- **TASK TO CARRY OUT**: Please retype the data below line for line and leave out every picture.

Image-text web data:
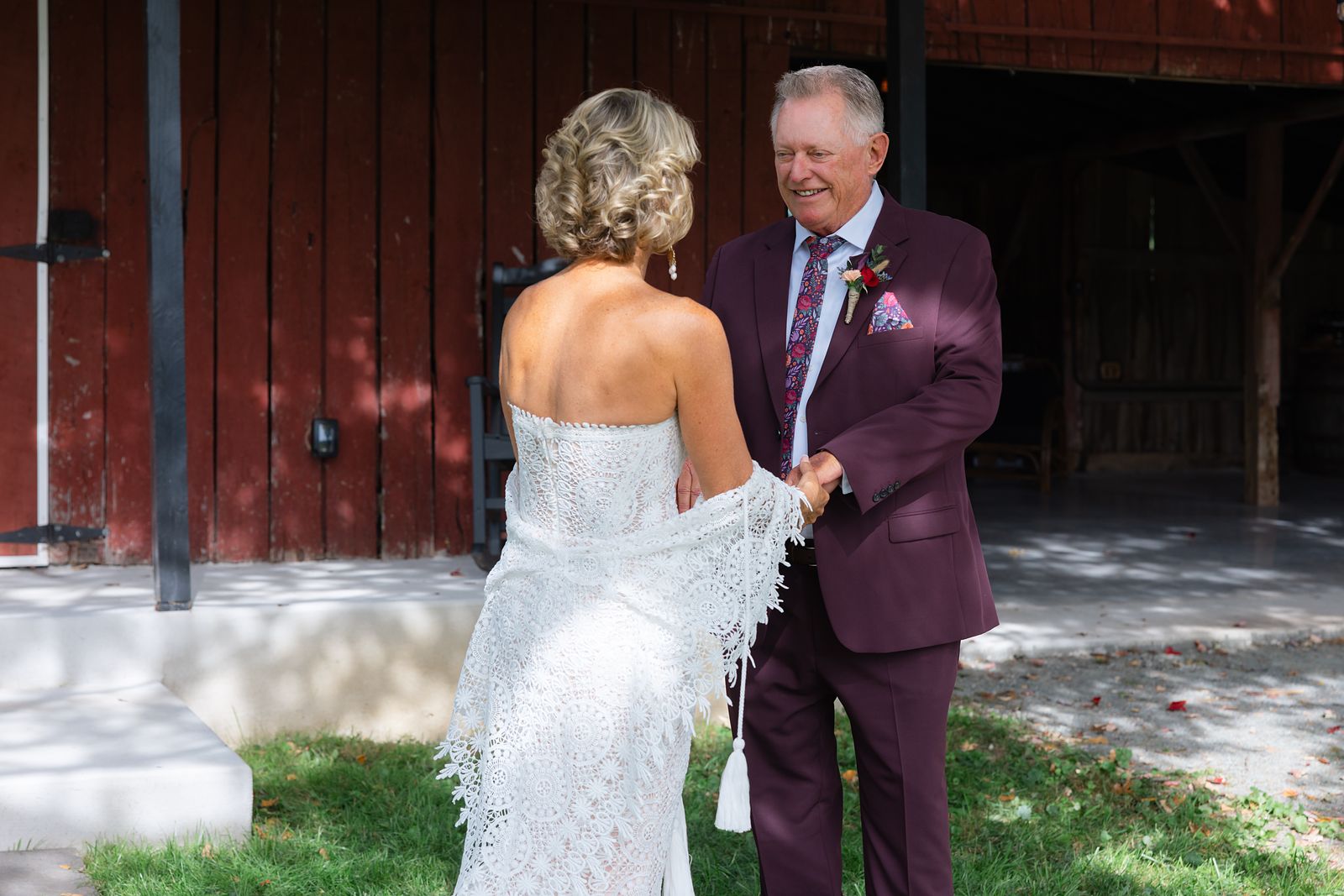 Brian turning around to see Shannon for the first time at the corn crib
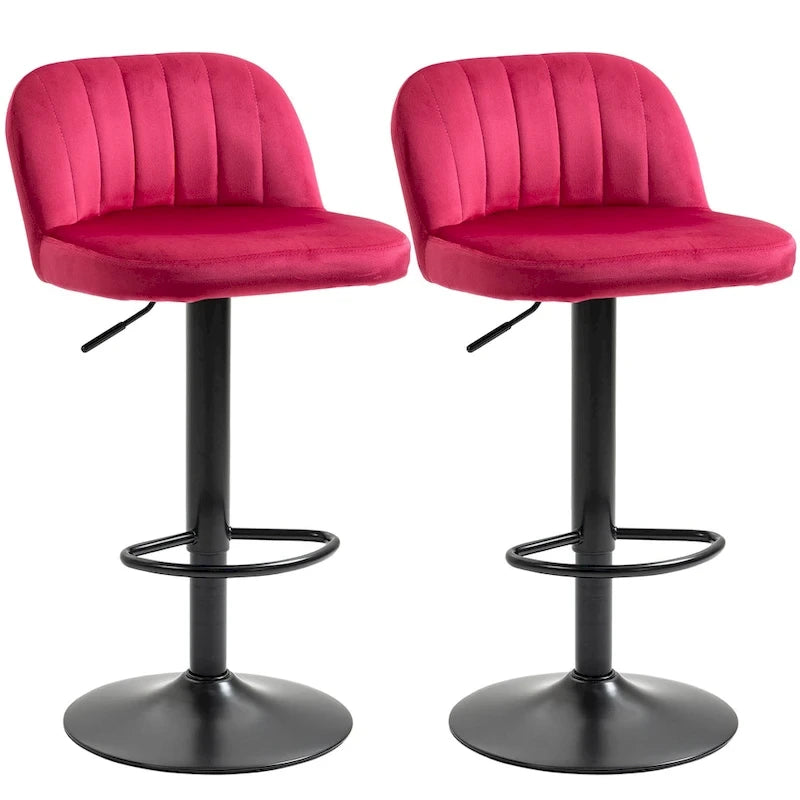 HOMCOM Adjustable Bar Stools Set of 2, Velvet Counter Height Barstool, Upholstered Kitchen Stool with Swivel Seat, Steel Frame
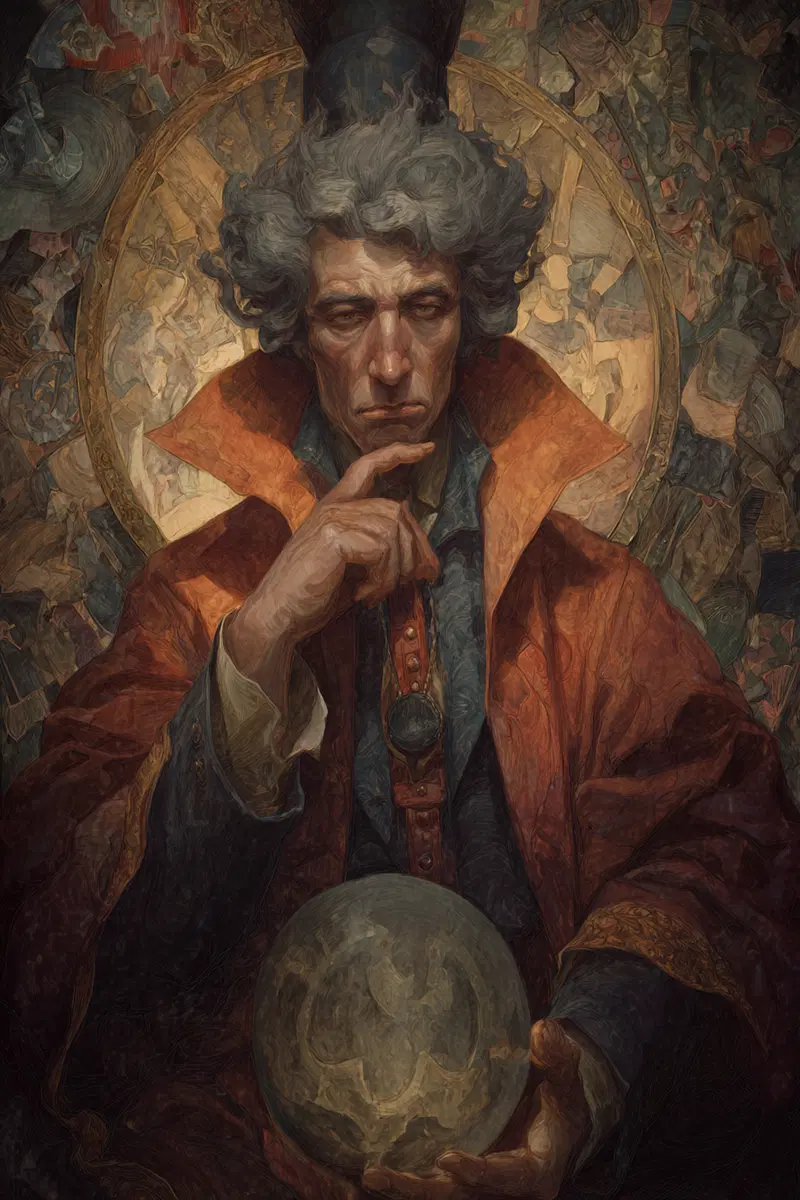 Classic European style portrait of a thoughtful man in traditional attire with a crystal ball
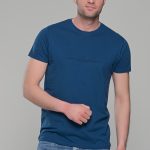 Μπλε κοντομάνικο t-shirt ανδρικό μπλουζάκι με στάμπα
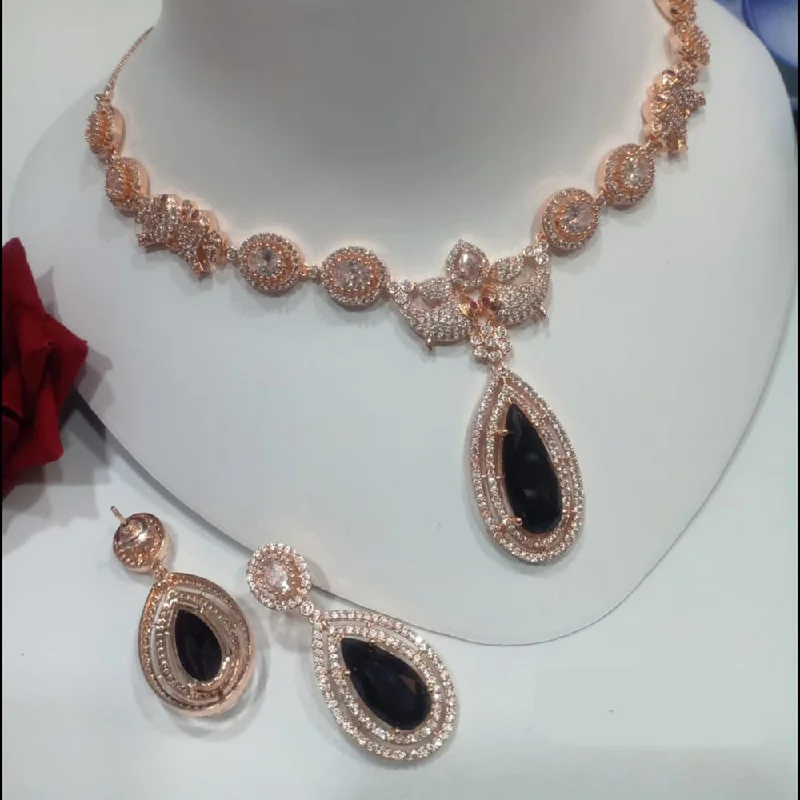 ladies vintage necklaces-Manisha Jewellery Rose Gold Plated AD Necklace Set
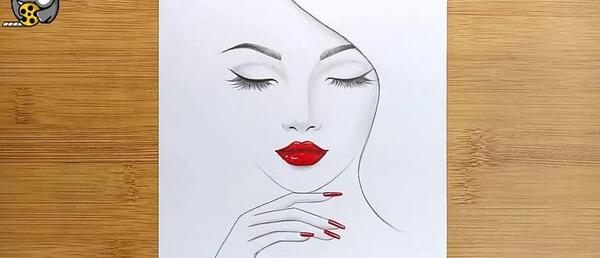 عکس نقاشی صورت یک دختر ساده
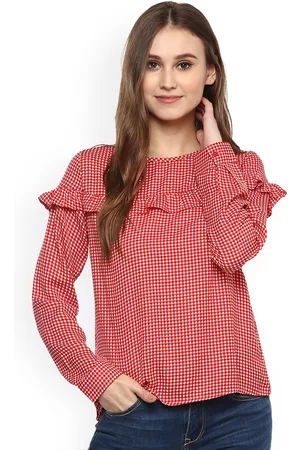 Harpa Women Red & White Checked Top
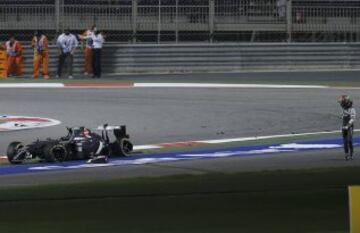 Esteban Gutiérrez tras el accidente con Maldonado. 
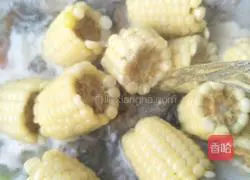 Illustration of how to make pork ribs, corn and yam soup 16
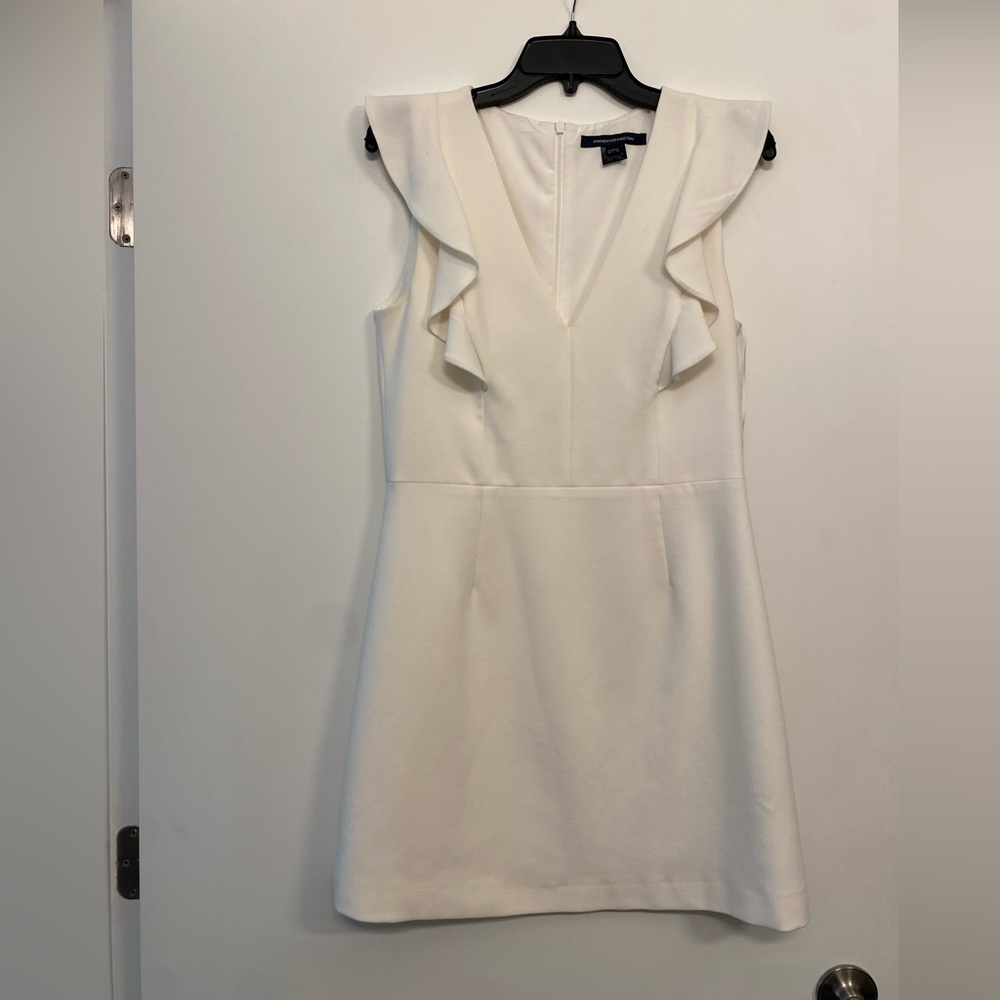 French Connection Whisper Ruffle V Neck Dress
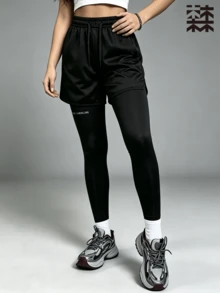 mulinsen Women's 2-In-1 Athletic Leggings, Elastic Drawstring Waist, Quick-Dry Mesh Outer Shorts, Outdoor Workout, Gym, Daily Training - Black - View 4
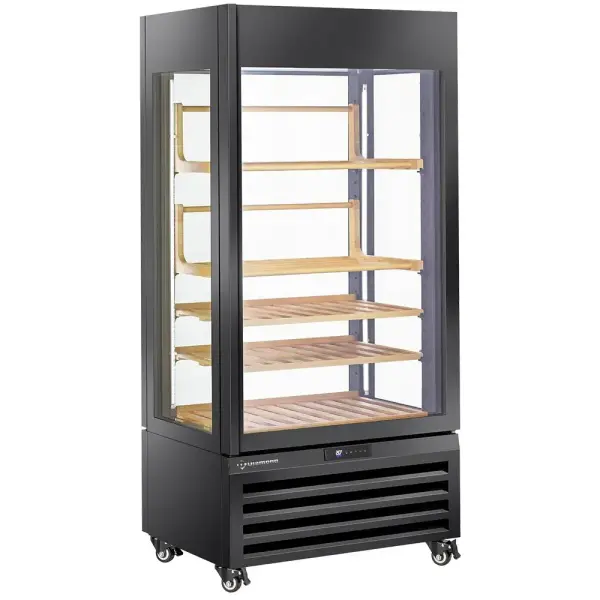 FULL glazen vitrine" 600 liter, 1 niveau + 4 planken, geventileerd - WINE - ZWART - Main Image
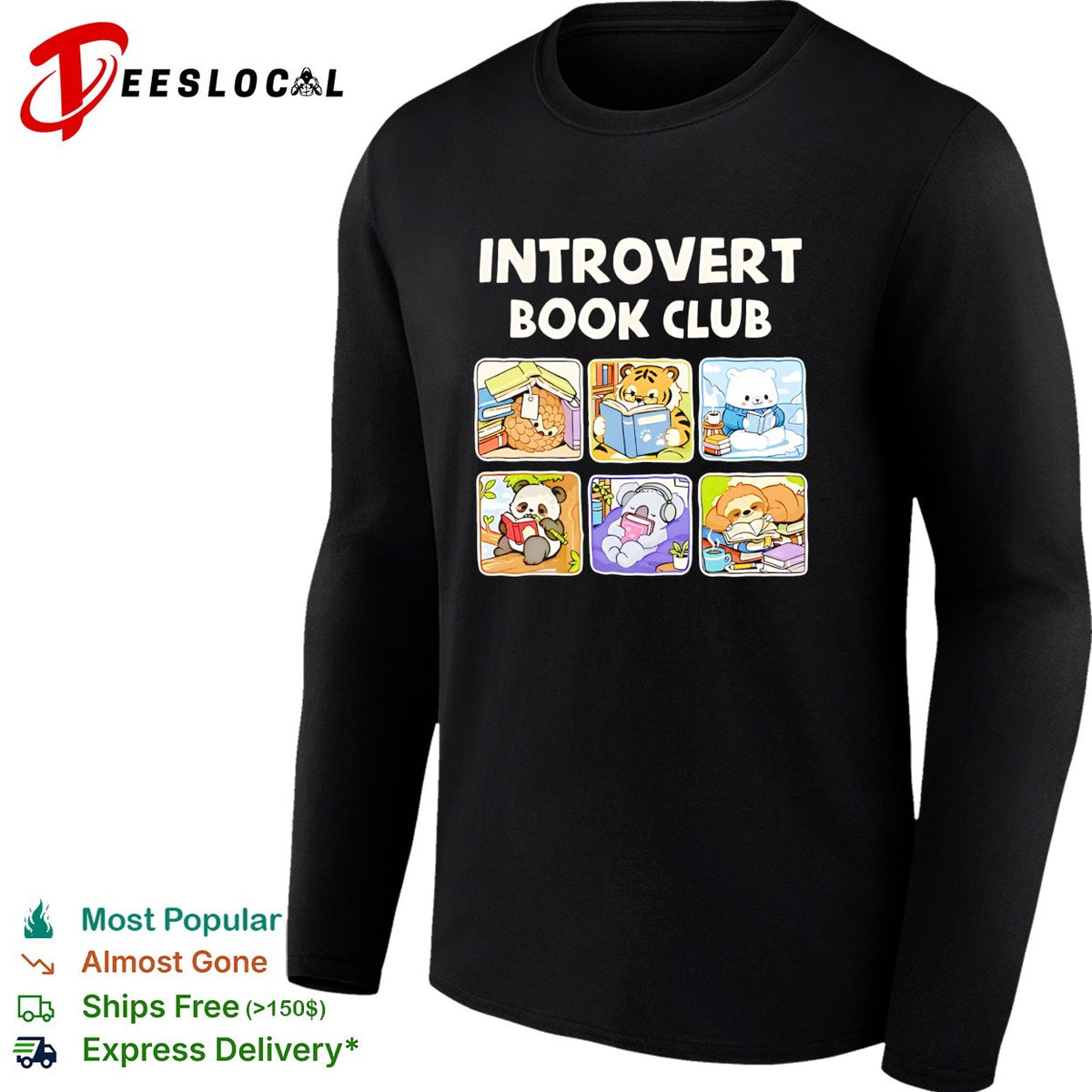 Introvert Book Club cute animals reading books tiger panda sloth art shirt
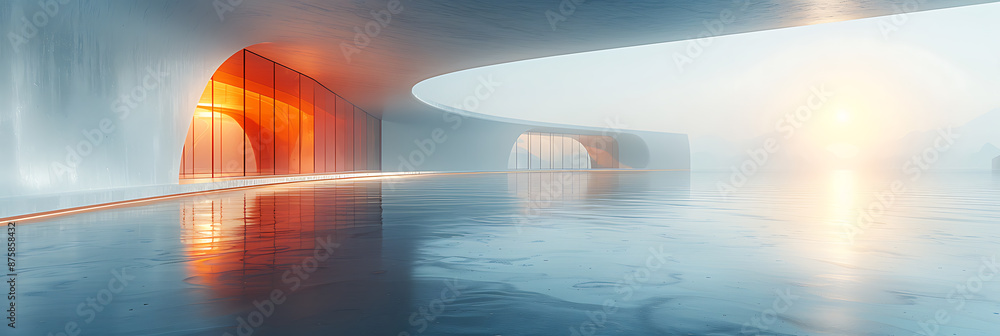 Poster technical illustration: empty canvas with technology elements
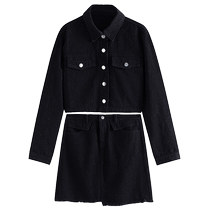 Single bundle large size light workplace small fragrant denim suit for women in autumn fat MM slim silhouette short top two-piece set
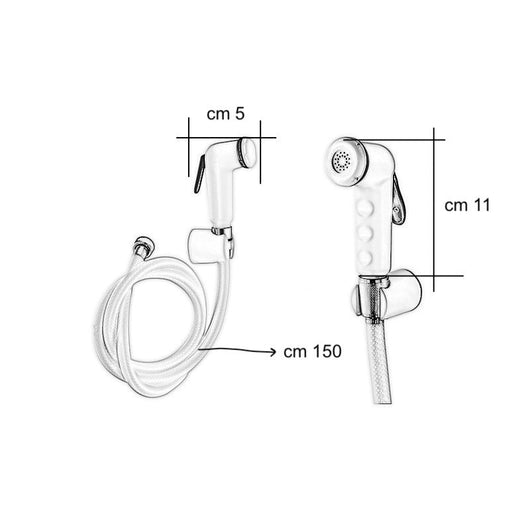 Kit idroscopino doccetta wc bianca con supporto e flessibile
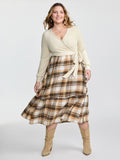 Plaid Contrast Wrap Neckline Midi Dress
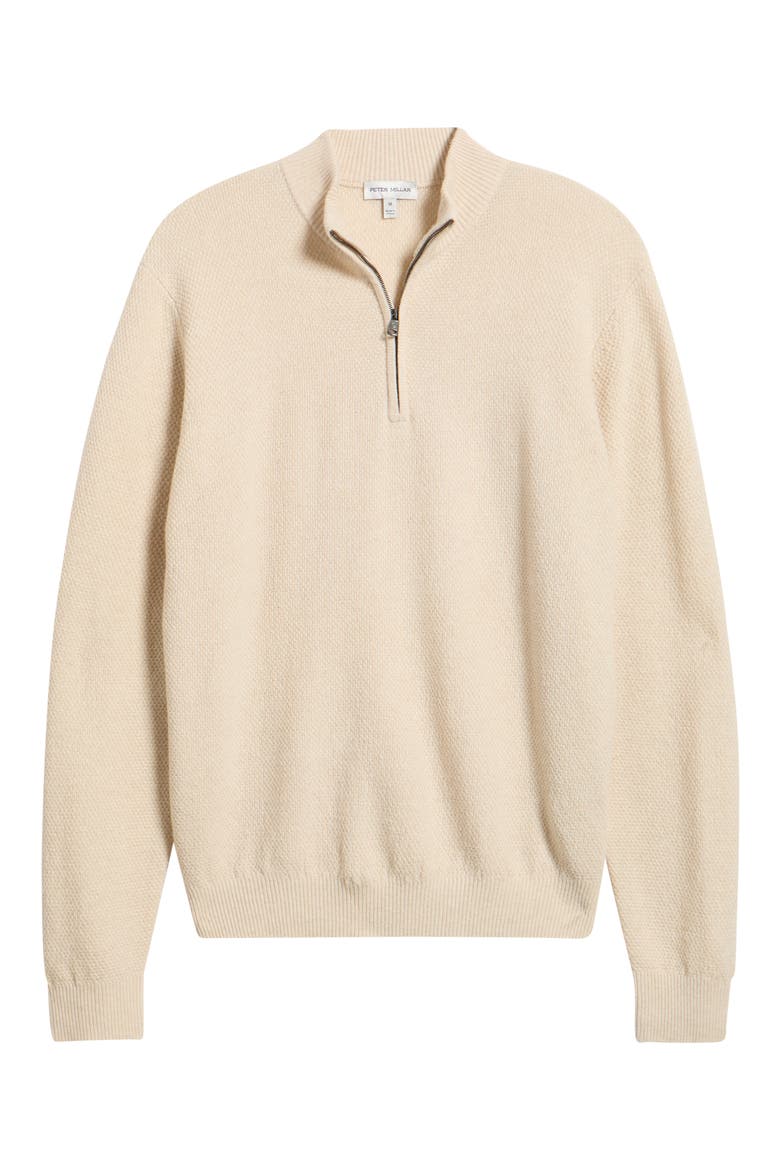 Crescent Texture Quarter Zip Sweater, Alternate, color, SANDSTONE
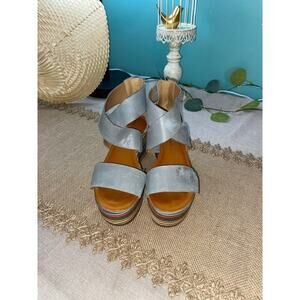 Blue Multicolored Wedge Back Zip size 5M Gwendolyn Leather Upper Wedges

- **RESPONSE**:
 Brian turning around to see Shannon for the first time at the corn crib
 HOMCOM Adjustable Bar Stools Set of 2, Velvet Counter Height Barstool, Upholstered Kitchen Stool with Swivel Seat, Steel Frame
 Classic European style portrait of a thoughtful man in traditional attire with a crystal ball
 Μπλε κοντομάνικο t-shirt ανδρικό μπλουζάκι με στάμπα
 ladies vintage necklaces-Manisha Jewellery Rose Gold Plated AD Necklace Set
 عکس نقاشی صورت یک دختر ساده
 Harpa Women Red & White Checked Top
 Esteban Gutiérrez tras el accidente con Maldonado. 
 Illustration of how to make pork ribs, corn and yam soup 16
 French Connection Whisper Ruffle V Neck Dress
 mulinsen Women's 2-In-1 Athletic Leggings, Elastic Drawstring Waist, Quick-Dry Mesh Outer Shorts, Outdoor Workout, Gym, Daily Training - Black - View 4
 FULL glazen vitrine" 600 liter, 1 niveau + 4 planken, geventileerd - WINE - ZWART - Main Image
 Introvert Book Club cute animals reading books tiger panda sloth art shirt
 Poster technical illustration: empty canvas with technology elements
 Single bundle large size light workplace small fragrant denim suit for women in autumn fat MM slim silhouette short top two-piece set
 Kit idroscopino doccetta wc bianca con supporto e flessibile
 Plaid Contrast Wrap Neckline Midi Dress
 Crescent Texture Quarter Zip Sweater, Alternate, color, SANDSTONE
 Blue Multicolored Wedge Back Zip size 5M Gwendolyn Leather Upper Wedges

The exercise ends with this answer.